Aside livestock residues, the state also generates nearly 21 million tons of rice stalks and similar biomass plant wastes annually, which can all go into the production of green power. The state government is thus planning to make renewable resources as the source of their power to contribute 10% of its total energy production in the next five years.

It is worthy to mention that Punjab already runs a biomethanation facility with a capacity of 1 MW, in a location close to Ludhiana. The facility uses methanogens (microbes that produce methane as a metabolic by-product) for the manufacture of methane gas. It currently uses 235 tons of cattle wastes to generate 18,000 kWh of electricity in addition to producing 45 tons of organic fertilizer every day.

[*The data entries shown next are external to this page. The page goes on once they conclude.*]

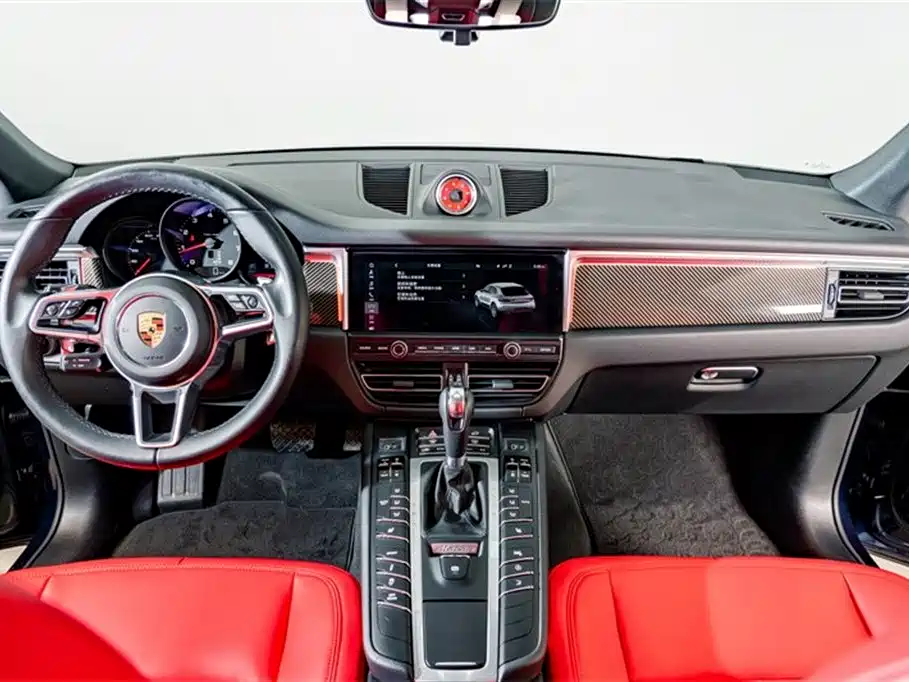 Porsche Macan 2022 — фото 12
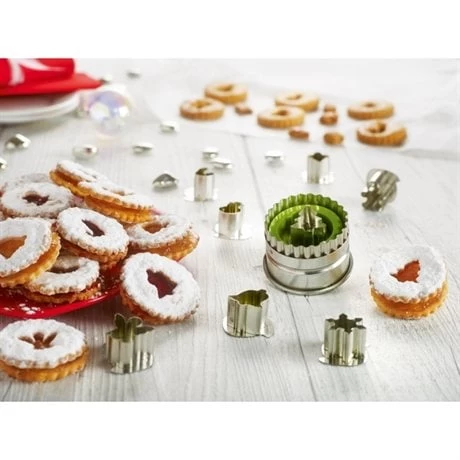 8 Emporte-pièces Et 8 Décors De Fête Linzertarte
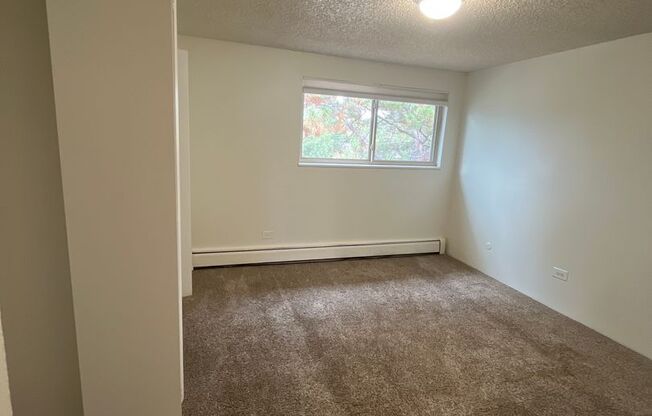 1 bed, 1 bath, 560 sqft, $850, Unit A-306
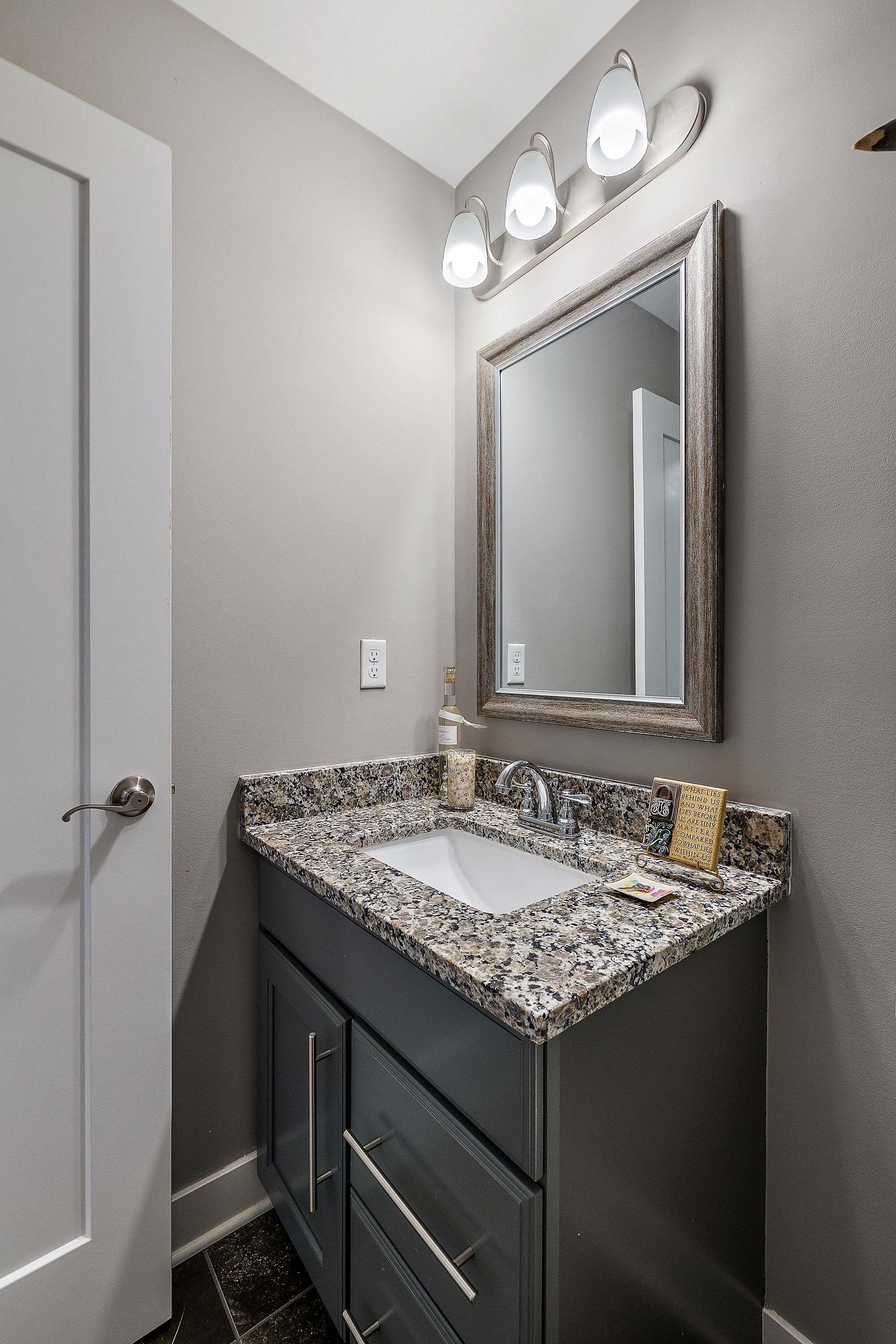 2576 W Towne Street Unit: Unit 37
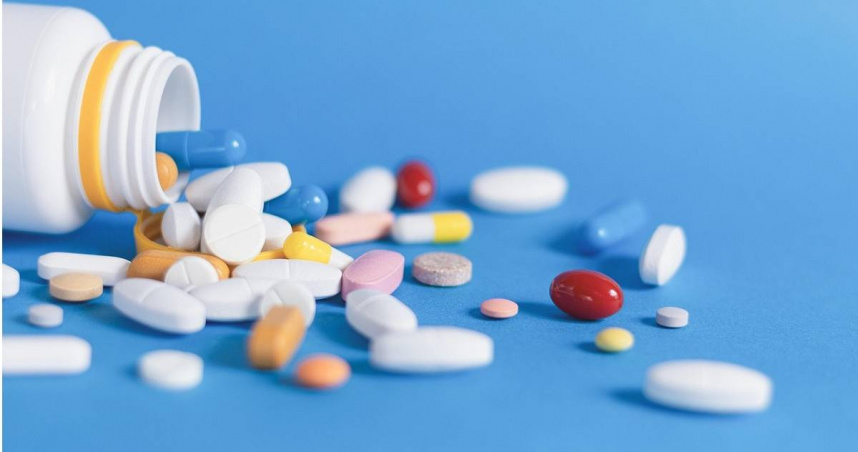 醫師指出，近年來許多非ADHD患者為提升考試成績或工作效率，私下透過非法途徑購買並濫用精神藥物，引發嚴重健康風險。（示意圖／翻攝pixabay）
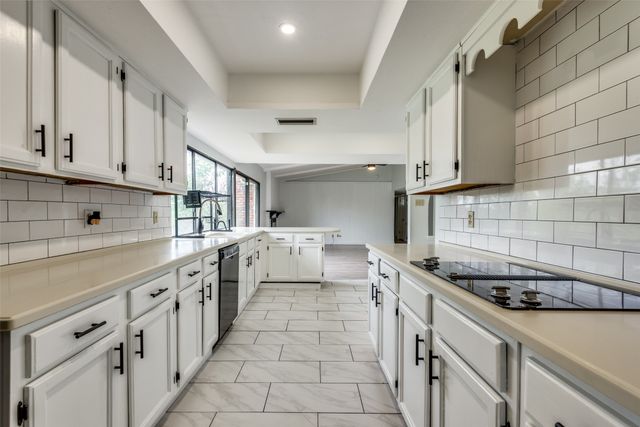4931 S Colony Boulevard, The Colony, TX 75056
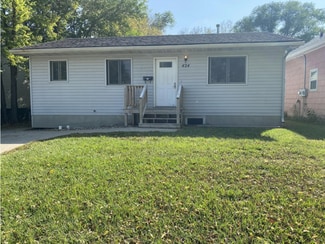 424 3rd St SE Unit B, Huron, SD 57350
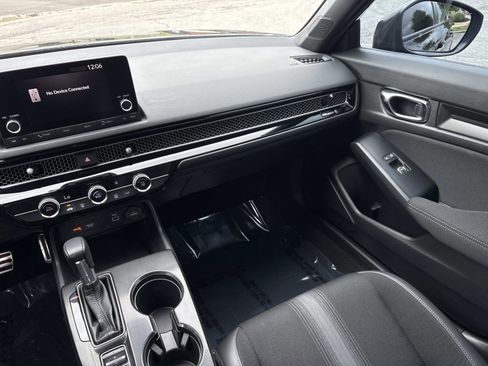 Used 2024 Honda Civic Sport image 28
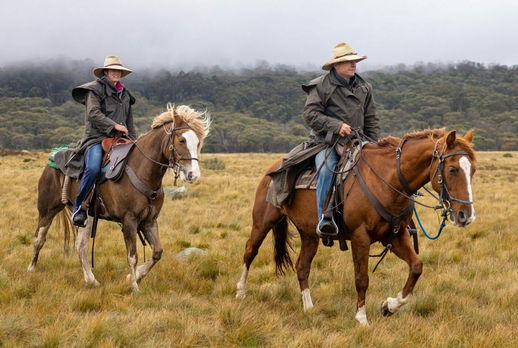 Meet our Guides: Brad & Michaela - The Kosciuszko Ride, New South Wales - Globetrotting horse riding holidays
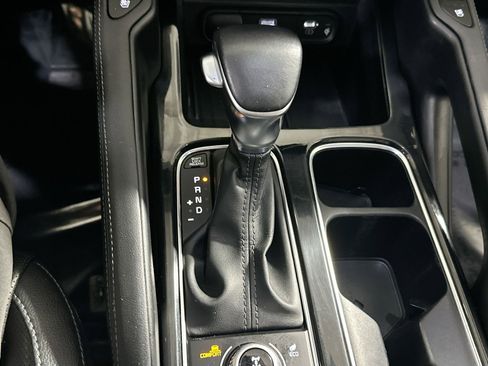 Used 2023 Kia Telluride EX w/ EX Captain's Chair Package image 31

Also, the Punjab Energy Development Agency has developed 318 MW of green power projects, which includes the Ludhiana plant, till date. These projects comprise 37 MW of small hydro facilities, 28 MW of biomass power facilities, 250 MW of biomass co-generation facilities and 2 MW of solar projects.

The agency also develops 132 MW of green power projects currently, which include 11 MW of hydropower, 100 MW of biomass co-generation and 20 MW of traditional biomass. If everything goes right and operational, the state will generate 700 MW of green power by 2012. That’s big! It is worthwhile to note that the planters are also getting an income of nearly RS. 4,000 per acre every year in the process of marketing agro wastes to biomass facilities.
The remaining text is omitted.